Leading nationalist religious Rabbi Chaim Druckman will receive the Israel Prize for his contributions to society and education, Education Minister Gideon Saar announced Wednesday.
Rabbi Druckman, who heads the Bnei Akiva movement, was nominated by the Israel Prize selection committee headed by retired High Court Justice Yaakov Turkel.
The rabbi was noted for his “special contributions to the society and to the country and for his work in the area of education and religious Zionist youth.”
He helped found the hesder yeshiva program, which combines Torah study with service in the IDF, and he founded the Ohr Etzion yeshiva, where students also learn the fundamentals of the military.
Rabbi Druckman, born in Poland in 1932, has worked for decades for “uniting the people of Israel,” the selection committee noted. He also has been active in absorbing immigrants from the former Soviet Bloc and from Ethiopia, and he heads a special rabbinical court for conversions.

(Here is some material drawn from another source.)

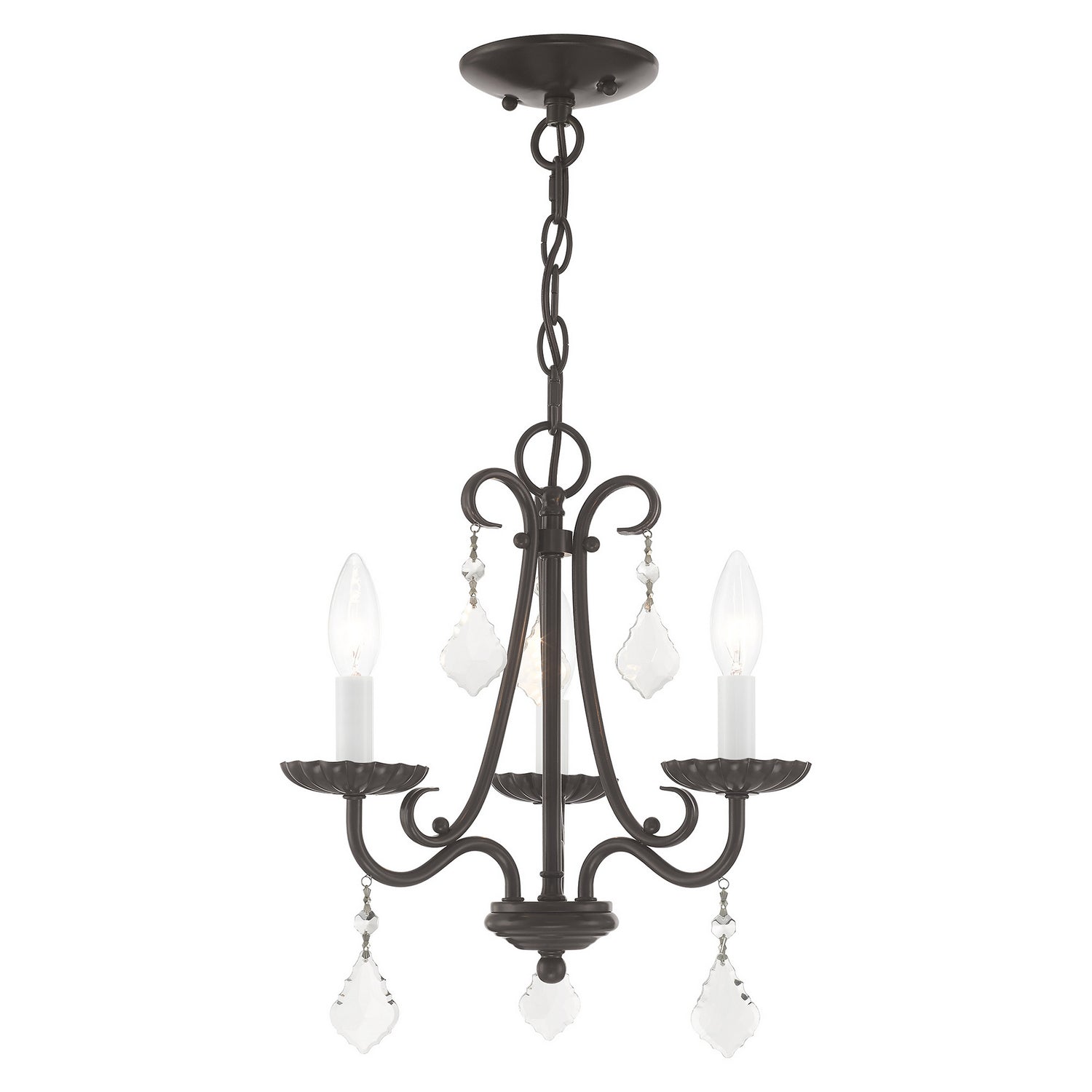 Livex Lighting - 40873-92 - Three Light Mini Chandelier - Daphne - English Bronze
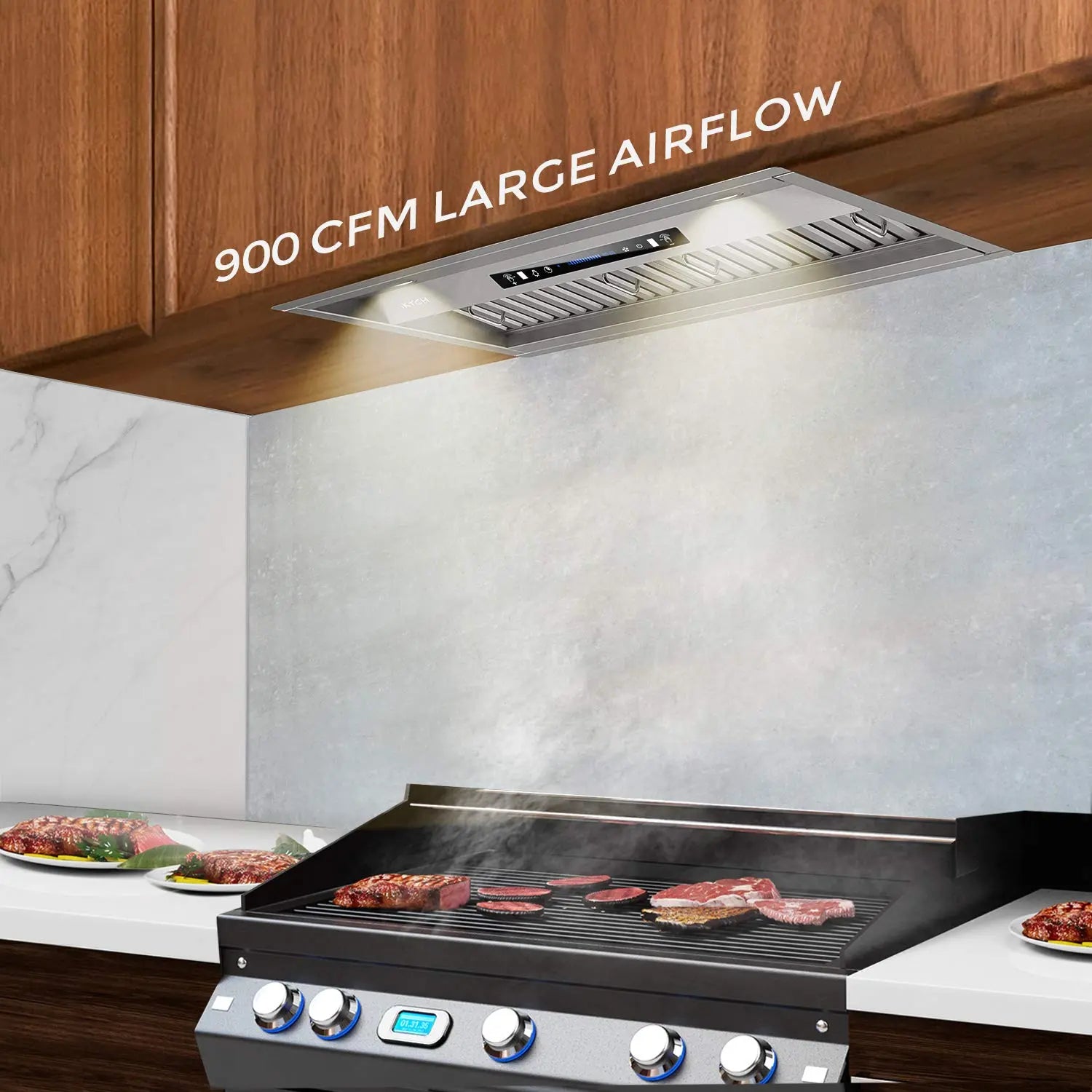 IKTCH 30 Inches 900 CFM Ducted Island Range Hood in Stainless Steel with  Baffle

He moved to pre-state Israel in 1944 after having been rescued from the Holocaust. Rabbi Druckman learned at the Mercaz HaRav Yeshiva in Jerusalem and was a leader in the establishment of the Gush Emunim movement that promoted a Jewish presence in Judea, Samaria and Gaza.
He served in the Knesset but lost his position as Deputy Minister of Religious Affairs in 1982 for opposing the Camp David Accords in which Israel agreed to major concessions to the Palestinan Authority.